Tłumy ludzi tej nocy nie spały. Przecisnąć się przez uliczki Starego Miasta było nie lada wyczynem. Wszystko przez Noc Kultury, jaka odbyła się w Lublinie.
Program Nocy Kultury od lat naszpikowany jest wydarzeniami związanymi ze sztuką w przestrzeni miejskiej. Nie inaczej było i w roku obchodów Wielkiego Jubileuszu 700-lecia Miasta Lublin.
Artyści stworzyli niezwykłe prace inspirując się historią i dziedzictwem miasta. Bramy, skwery i place stały się świetlistymi instalacjami, a uliczki Starego Miasta zaskoczyły nawet stałych bywalców.
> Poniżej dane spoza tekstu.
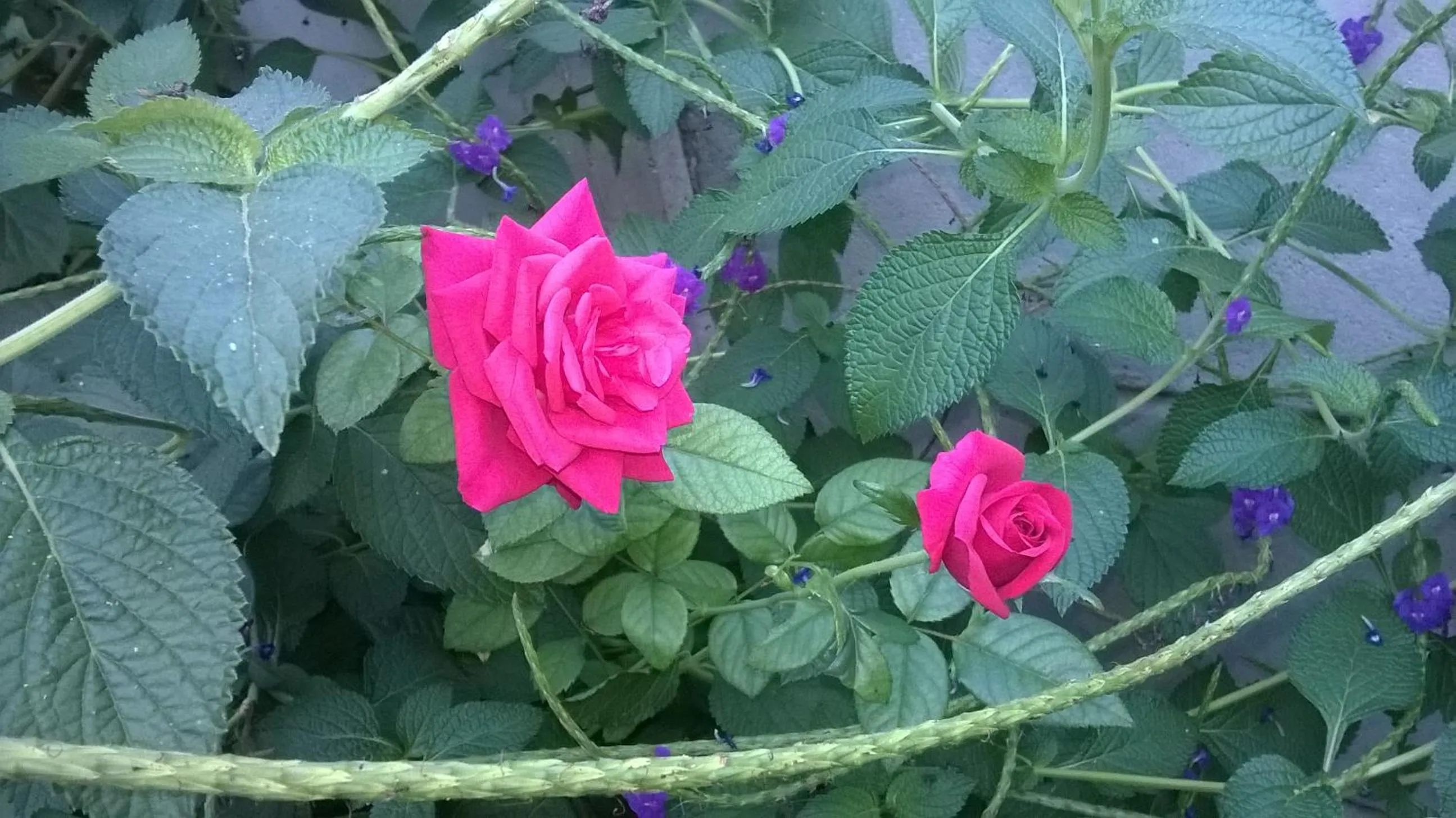 Spring in Comfort Palace Guest House Kasane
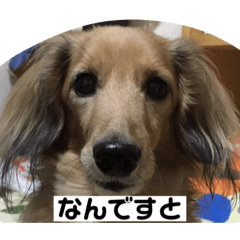 chie_20210621154017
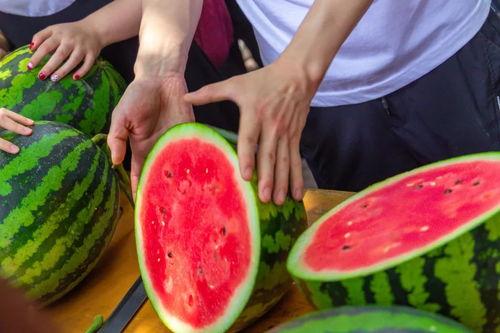 潮州今日吃瓜事件视频,一场网络热议背后的真相揭秘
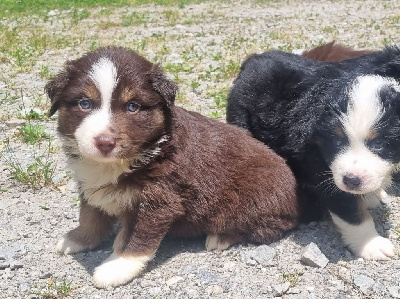 CHIOT 6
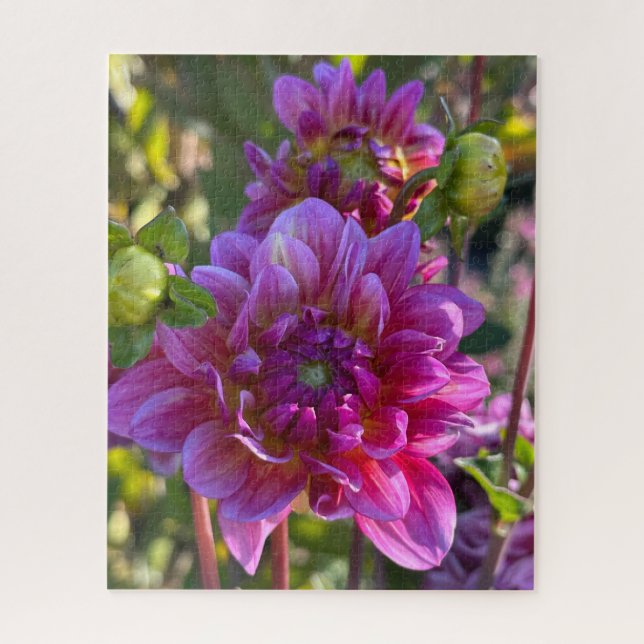 Puzzle Dahlia pourpre, Oakland (Vertical)
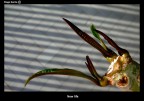 New life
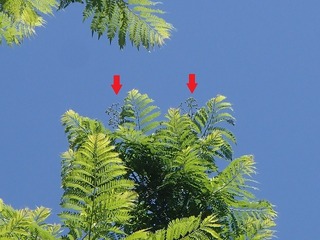 P5300381 - コピー.jpg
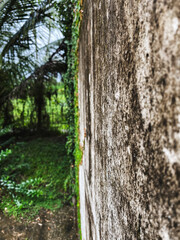 A close-up of a rough, weathered stone wall with blurred green plants and palm leaves in the background.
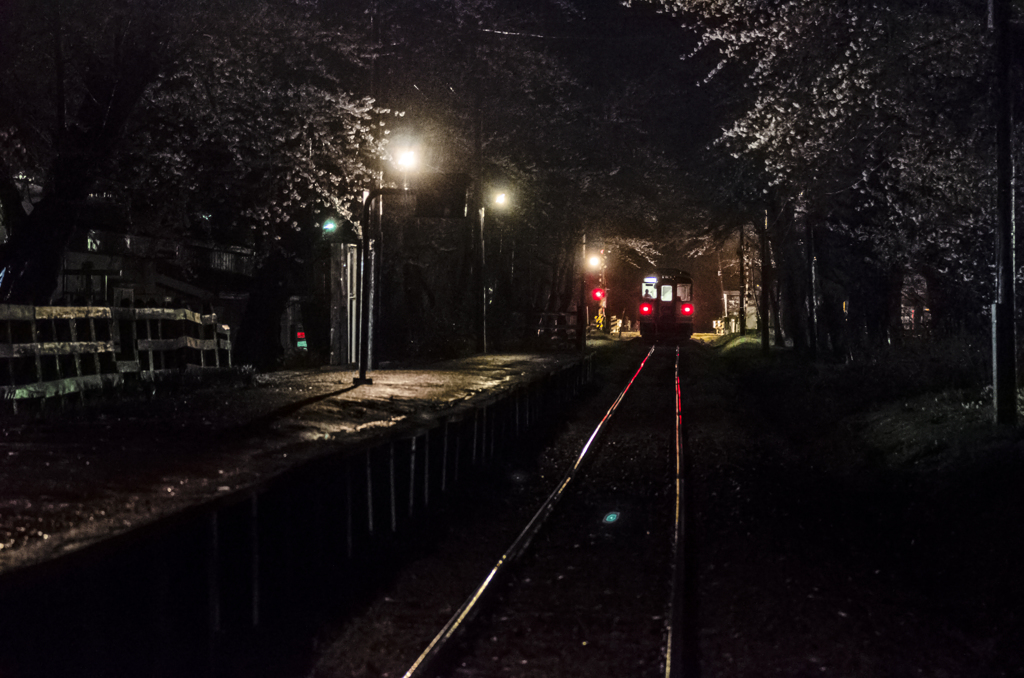 雨の津軽鉄道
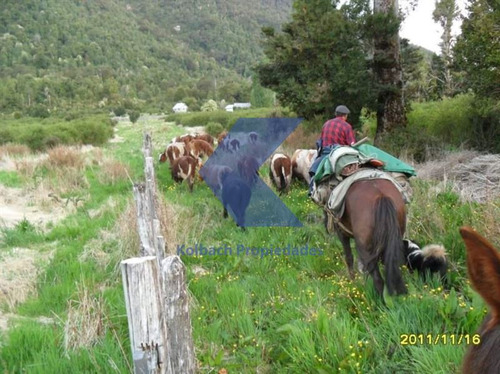 Terreno Con Orilla De Río En Venta En Cisnes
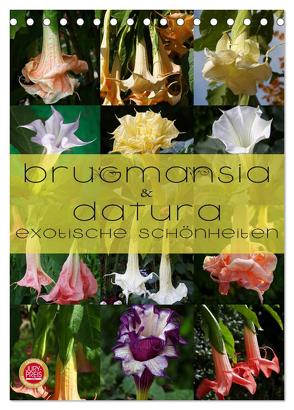 Brugmansia & Datura – Exotische Schönheiten (Tischkalender 2024 DIN A5 hoch), CALVENDO Monatskalender von Cross,  Martina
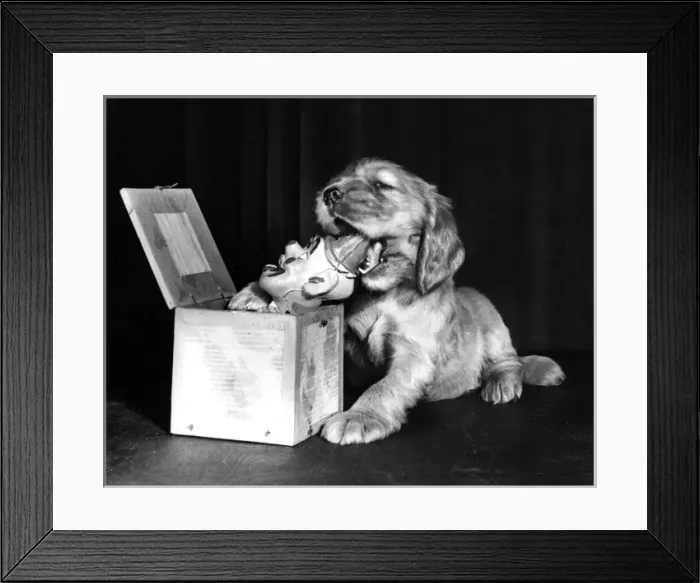 Framed Print : Susi - (insert) Framed Print : Susi - (insert)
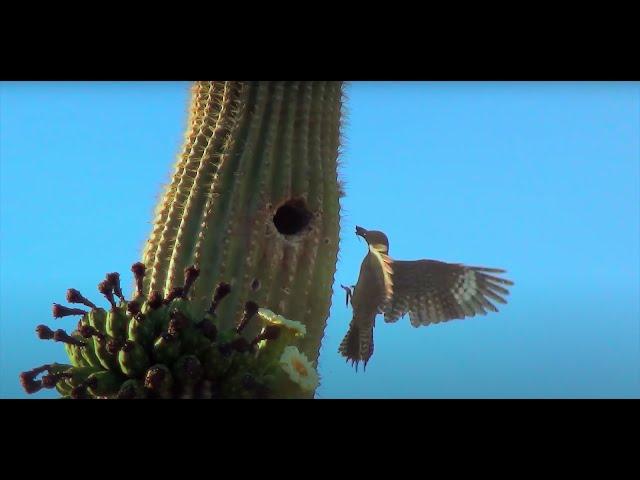 Saguaro Wilderness: A Day in the Desert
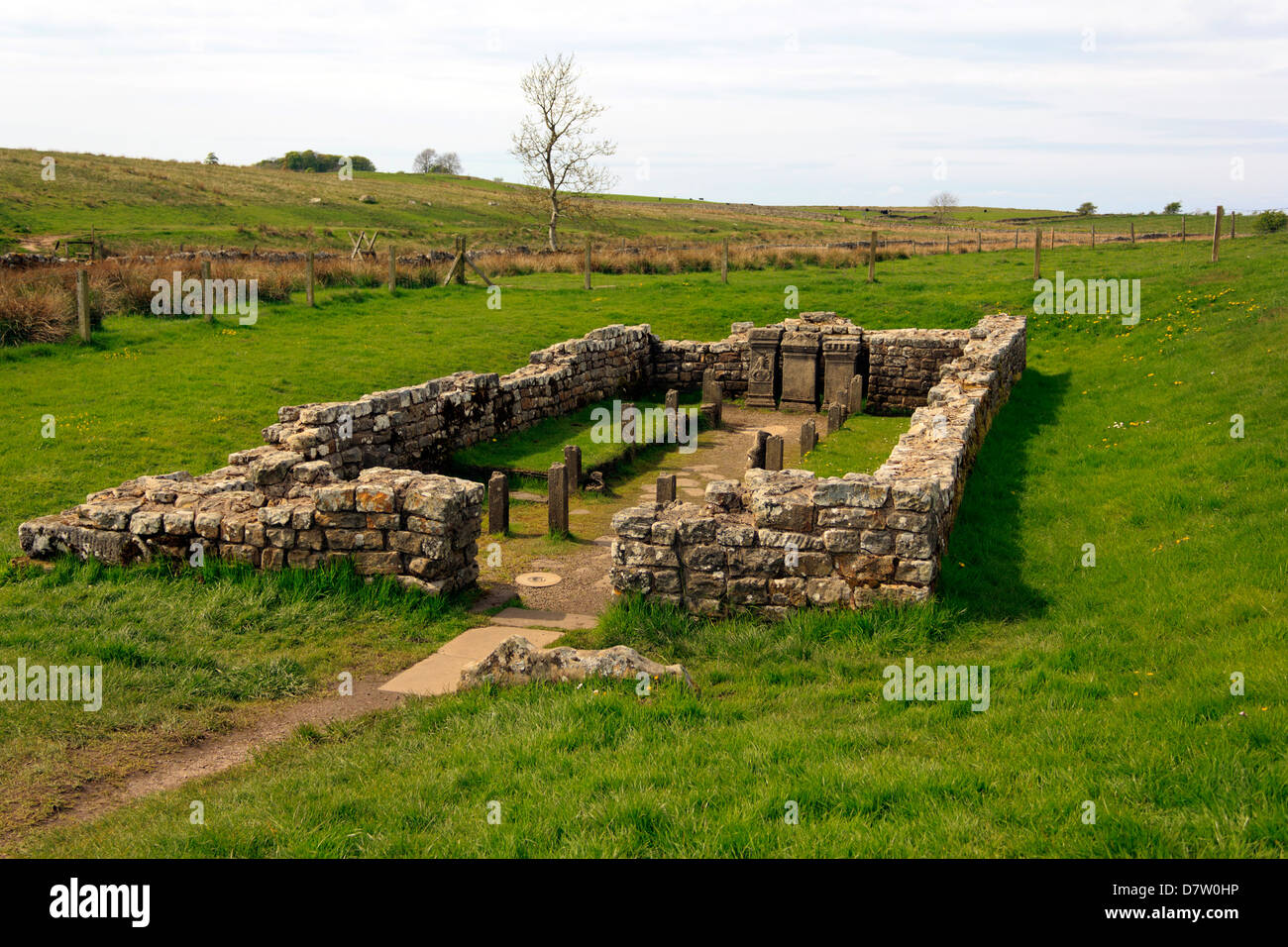 Tempel des Mithras am Carrawburgh in der Nähe der Hadrianswall in Nordengland. Stockfoto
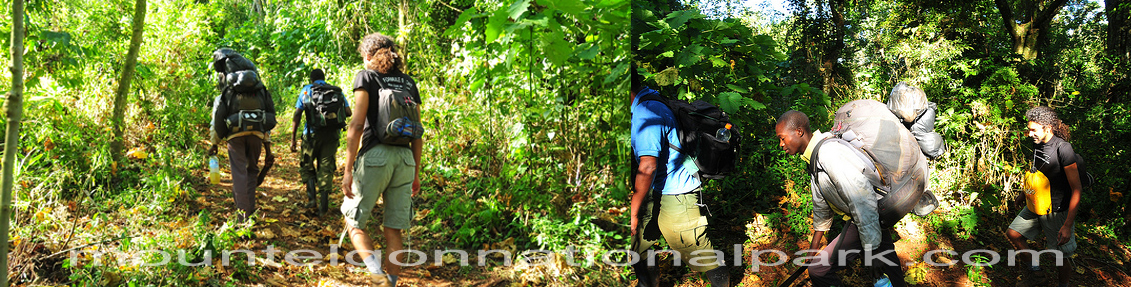 5 days Mount Elgon National Park Uganda mountaineering safari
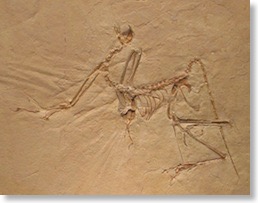 zz_archaeopteryx_fossil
Począwszy od deptaka na Krakowskim Przedmieściu, skończywszy na błoniach pod zamkiem, miasto było oświetlone przez różne instalacje. Abażury jakby z dawnych lamp zdobiły deptak, świetliste balony zawisły nad ulicą Grodzką. Do tego sztuka w wielu wydaniach, koncerty, spektakle, pokazy tańca. Niemal każdy zaułek lubelskiej starówki stał się przestrzenią sztuki.
- Noc kultury to niecodzienny klimat, gdzie tłumy ludzi do późnych godzin wędrują uliczkami. Jak mają nieco cierpliwości przysiadają w kafejkach i restauracjach, gdzie na miejsce czeka się w kolejce. To noc muzyki, podczas której można posłuchać wielu ciekawych wykonawców. To po prostu noc spotkania z innym obliczem miasta, które na co dzień ukryte jest w różnych instytucjach i zakamarkach. Dlatego od kilku lat staramy się nie przegapić tego wyjątkowego czasu - mówi Joanna Wolczyńska.
Noc kultury to nie tylko zmienione nie do poznania ulice, ale i otwarte drzwi w wielu muzeach i instytucjach, jak choćby w Państwowy, Archiwum, Instytucie Pamięci Narodowej, czy Muzeum KUL.
Noc kultury łączy różne instytucje na pozór zajmujące się na co dzień zupełnie innymi dziedzinami, inspiruje do działania i przynosi wielką satysfakcję. Dowodem tego są tysiące ludzi, jakie tej nocy oblegają centrum Lublina.